Moradores das favelas são mais vulneráveis a altas temperaturas

Moradores das favelas são mais vulneráveis a altas temperaturas

Formação de ilhas de calor nas comunidades é uma das causas apontadas por especialista

Por: Manoela Oliveira

Aglomerado de casas das favelas do Complexo do Alemão / Foto: Tânia Rêgo/Agência Brasil
 
 
 

As favelas estão mais expostas a ondas de calor do que lugares considerados nobres, de acordo com um estudo da Faculdade de Arquitetura e Urbanismo da Universidade Federal do Rio de Janeiro (UFRJ). A pesquisa mostrou que os complexos da Maré, do Alemão e da Penha são as regiões mais quentes do Rio de Janeiro, sendo todas áreas localizadas na Zona Norte da cidade. No Rio, a menor temperatura em 2024 foi registrada no Alto da Boa Vista, com 15,5%, segundo o Instituto Nacional de Meteorologia (INMET). As diferenças no tipo de ocupação das regiões da cidade podem explicar as diferenças de temperatura, segundo pesquisadores.

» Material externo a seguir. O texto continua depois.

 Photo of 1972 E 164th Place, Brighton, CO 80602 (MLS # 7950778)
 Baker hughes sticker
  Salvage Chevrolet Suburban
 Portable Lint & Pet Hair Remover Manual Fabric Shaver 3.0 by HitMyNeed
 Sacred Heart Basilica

Para Luciana Figueiredo, professora do Departamento de Oceanografia Física e Meteorologia da Universidade do Estado do Rio de Janeiro (Uerj), a ocorrência de temperaturas mais elevadas em bairros periféricos ocorre, muitas vezes, pela formação de ilhas de calor nessas regiões. Esse fenômeno acontece quando lugares muito urbanizados registram temperaturas mais altas que as áreas ao redor. Isso acontece devido à retirada de cobertura vegetal para construir asfaltos, material com grande absorção de calor. Um estudo global publicado na revista científica Nature Communications revelou que espaços arborizados são até 12 °C mais frios que localidades urbanas sem árvores.

James Miyamoto, professor de arquitetura e urbanismo da UFRJ, explica que existe uma grande aridez nas áreas onde estão localizadas as favelas, intensificando as ilhas de calor. “Quando chove, por exemplo, você tem problemas de alagamento, porque o solo é completamente impermeabilizado”. No Rio de Janeiro, uma em cada cinco casas está em áreas de alto risco de inundação, defende a Associação da Casa Fluminense. 

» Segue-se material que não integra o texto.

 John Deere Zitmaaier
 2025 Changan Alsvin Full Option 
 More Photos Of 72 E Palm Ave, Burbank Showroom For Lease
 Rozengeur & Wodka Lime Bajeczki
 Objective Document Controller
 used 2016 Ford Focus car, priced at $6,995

Distribuição dos cariocas afetados por riscos climáticos / Gráfico: Reprodução própria, com dados da Associação da Casa Fluminense




De acordo com Luciana, “quanto mais carentes são as regiões, menos vegetação a gente vai encontrar”. Um levantamento da Sociedade Brasileira de Arborização Urbana apontou que os bairros da Zona Norte e Oeste do Rio de Janeiro apresentam as menores coberturas vegetais. Cordovil, Santa Cruz e Bangu foram as áreas menos arborizadas da cidade, segundo o estudo.

Luciana ressalta que a precariedade das construções das favelas afeta a sensação climática dos moradores. “Às vezes a casa não tem janela nem portas, então acaba criando um desconforto térmico muito grande nessas pessoas”. A professora concorda com o conceito de “injustiça climática”, argumentando que, apesar de as crises ambientais serem uma realidade global, as pessoas de classes mais altas são menos afetadas pelas mudanças climáticas.

Segundo James, a maioria das moradias nas favelas não possuem telhas, material que reflete os raios solares. No lugar, são usadas lajes em ambientes de grande concentração populacional, contribuindo para o aumento das temperaturas. De acordo com o professor, a melhor forma de diminuir as ondas de calor é com a implementação de cobertura vegetal em pontos estratégicos da cidade. 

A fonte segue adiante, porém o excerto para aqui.